日立製作所笠戸工場アスベスト被害訴訟
2019年10月9日、岐阜地方裁判所において、日立製作所笠戸工場で鉄道車両の配管の部品製作及び艤装(配管の取り付け)に従事し、鉄道車両に使用されていたアスベスト(石綿)にばく露したことにより、悪性胸膜中皮腫に罹患した元従業員男性Aさんの遺族3名(妻及び子2名)が日立製作所に対してアスベスト健康被害損害賠償訴訟を提訴しました。
2016年に労災認定されたAさんは懸命に療養していましたが、中皮腫の進行にともない病状は悪化していきました。2017年8月、会社と労災の補償について交渉することを決意したAさんはアスベストユニオンに加入しました。
ユニオンが日立製作所に団体交渉の開催を要求したところ、11月にAさんの自宅近くの自治体施設の会議室で団体交渉が開催されました。Aさんとユニオンの役員が団交会場に入室する直前、廊下で待ち構えていた日立製作所の担当者より会議室代を折半することを求められ、ユニオンは会議室代の半分を支払いました。
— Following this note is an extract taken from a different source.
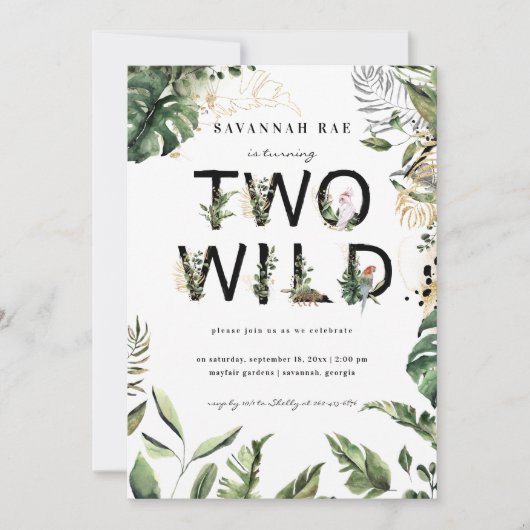 2つの野生の熱帯の緑2番目の誕生日 招待状 (正面)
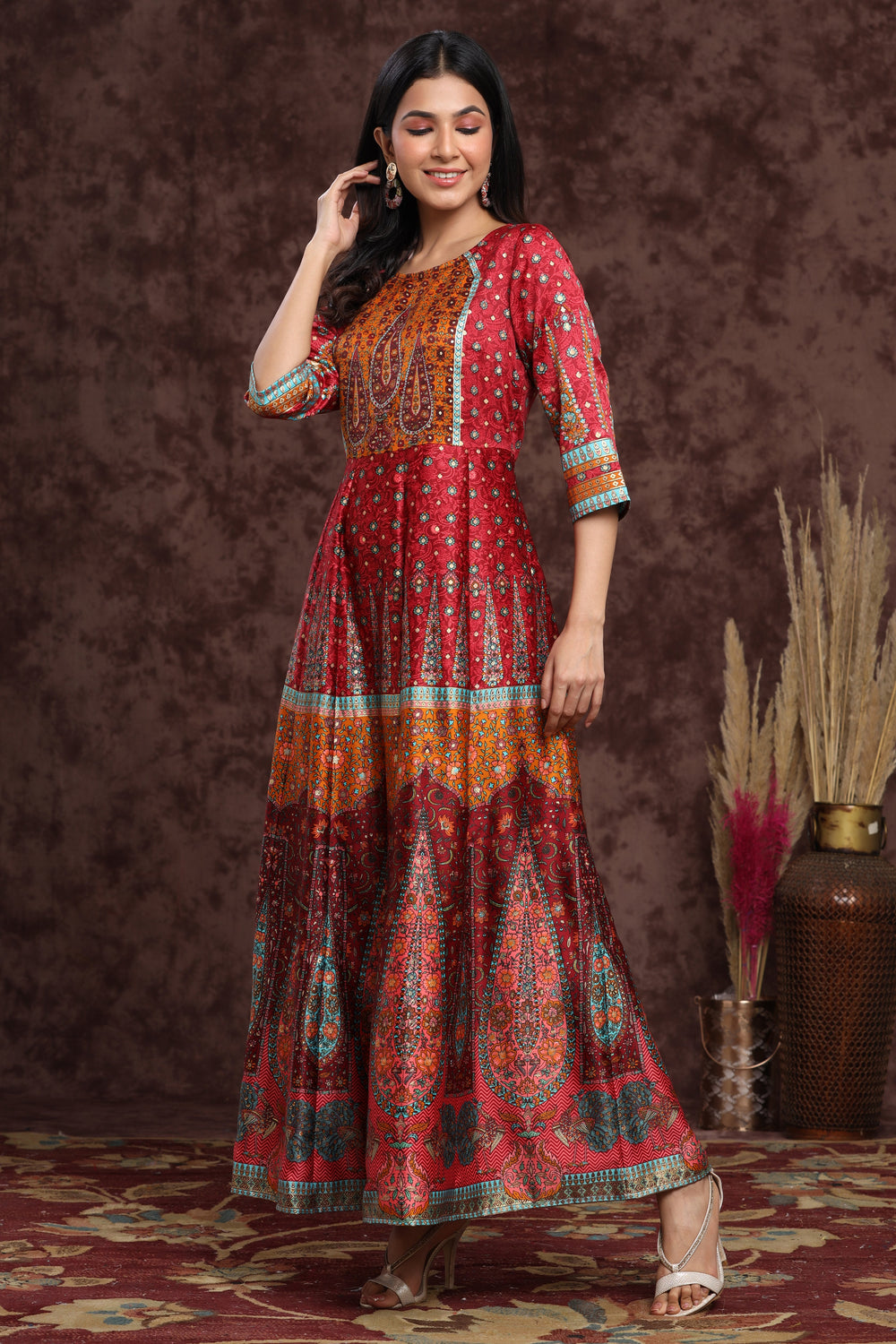 Juniper Women's Maroon Dull Satin Printed Anarkali Dress | Grocsy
ユニオンは多くの団交を行ってきましたがこういうことは初めてでした。
第一回団交における会社側回答は不十分でした。この団交終了後、Aさんはお亡くなりになりました。Aさんの死後、ユニオンは遺族とともに日立製作所に再度団交を要求しましたが、日立製作所側は組合員が死亡したことを理由に団交を拒否。団交の継続は困難になりました。遺族との交渉にも応じている鉄道車両製造会社もあることから、日立製作所の態度は紋切り型ですし、遺族の気持ちを踏みにじるものでした。この後、Aさんのお連れ合いとお子さん2名は日立製作所を相手取った損害賠償訴訟提訴の準備に入りました。
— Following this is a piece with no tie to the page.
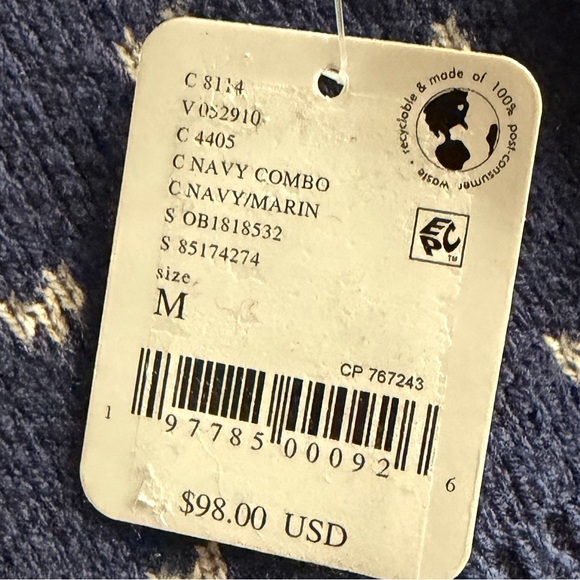 Free People Easy Street Cropped Sweater NWT Navy Combo Medium - Picture 3 of 4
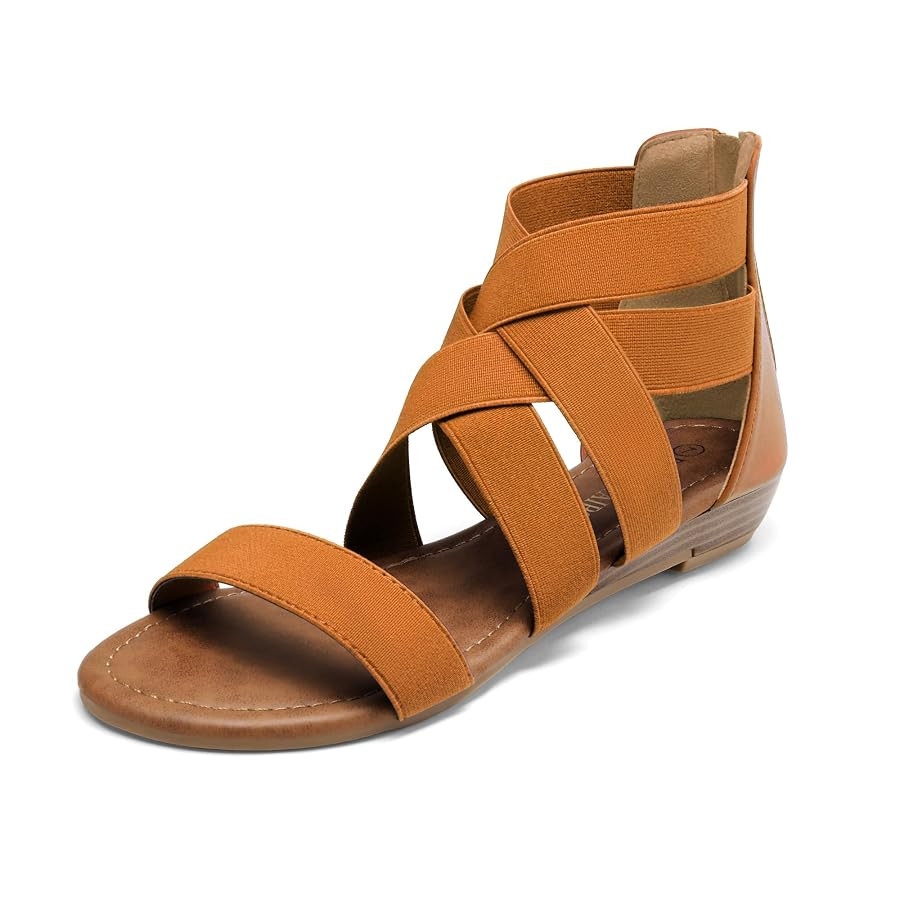 DREAM PAIRS Women's Elastic Ankle Strap Low Wedges Sandals | Amazon (US)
厚労省の労災認定等事業場の公表によると、笠戸工場におけるアスベスト健康被害による労災認定は33件です。この他にも、厚労省の過去の公表から笠戸工場の協力会社の弘木工業(株)における中皮腫の労災認定が1件と山本産業(株)での中皮腫3件と肺がん1件の労災認定が確認出来、笠戸工場におけるアスベスト健康被害が深刻な状況であることが分かります。
日立製作所は自社従業員や協力会社社員のアスベスト被害について認識し、誠意ある行動を取るべきです。